[The Rebbe Shlita opened the farbrengen by requesting that an announcement be made, asking everyone to wash for bread and say L’Chaim before sunset (after which the meal could not be continued because of the beginning of Shabbos). He reiterated his request.]

1. The Alter Rebbe declared (Likkutei Torah, Nitzavim) that the day referred to in the verse “you are all standing before the L‑rd, your G‑d” is Rosh Hashanah. Because the Jews are “standing... before G‑d,” oneness is established among them, unifying “your heads” with “your hewers of wood and drawers of water.”

On one hand, this unity results from the great spiritual influences revealed by G‑d at this time. (They are alluded to by the usage of the word “Nitzavim — standing” which is in passive rather than active form. Thus, Nitzavim literally means “made to stand” i.e. brought to this state by G‑d’s spiritual influences.) However, there is a need for effort and service on our part, for our natural tendency is to prefer something we have earned and worked for, as the Talmud (B. Metzia 38a) declares “a person prefers one Kab (measure) of his own to nine Kabbim of his friend’s.”1 That service is referred to in their explanation (Berachos 49a) of the blessing “Blessed are You G‑d, Who sanctifies Israel and the [festive] seasons.” They explain that “G‑d sanctifies Israel and they sanctify the festivals.” In addition, this service consists of joining together “as one man with one heart.” That unity should be expressed through physical means, through drinking wine together; as our Sages (Sanhedrin 103b) said, “of great [importance] is a mouthful [of food] for it draws people close.” In this manner, the concept of unity will become part of our flesh and blood.
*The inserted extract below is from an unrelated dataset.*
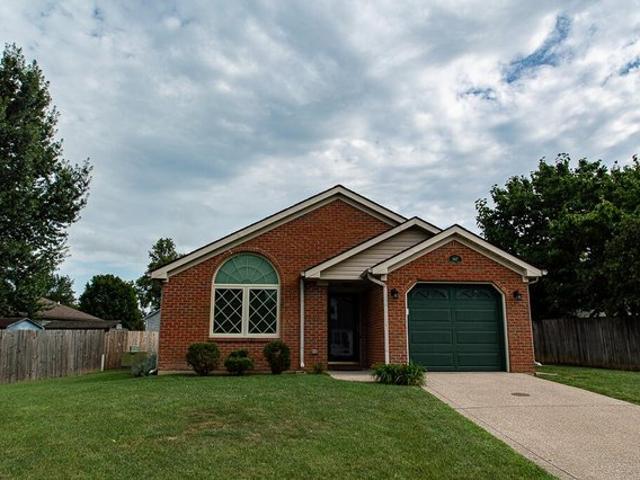House for sale in Frankfort, Kentucky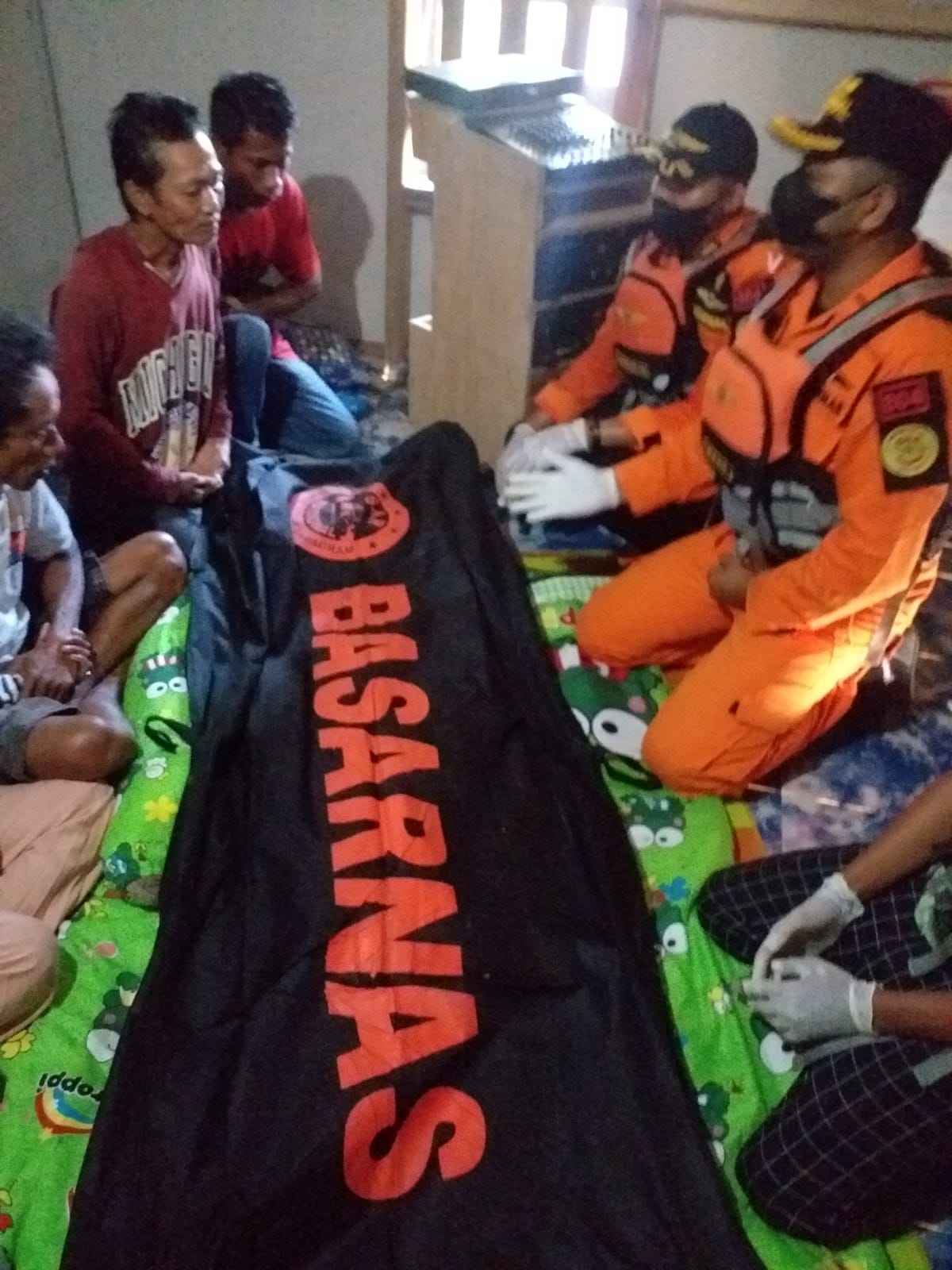 Tubuh Pelajar yang Diterkam Buaya Ditemukan Tidak Utuh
This is particularly true since our gathering is connected with Rosh Hashanah which is a festival and is specifically connected with “Drinking sweet beverages,” as well as “eating sumptuously;” for as the Book of Nechemiah (8:10) declares, “the joy of the L‑rd is your strength.” The fact that this year Rosh Hashanah begins a Hakhel year further intensifies the stress on unity.

From the above it should be obvious that now is the time for everyone to say L’Chaim, before sunset. it is not necessary to do so publicly. What is necessary is the actual deed, drinking a little Mashka or more preferably, wine. The latter “brings joy to G‑d and man” (Shoftim 9:13) causing happiness to be assimilated into our flesh and blood.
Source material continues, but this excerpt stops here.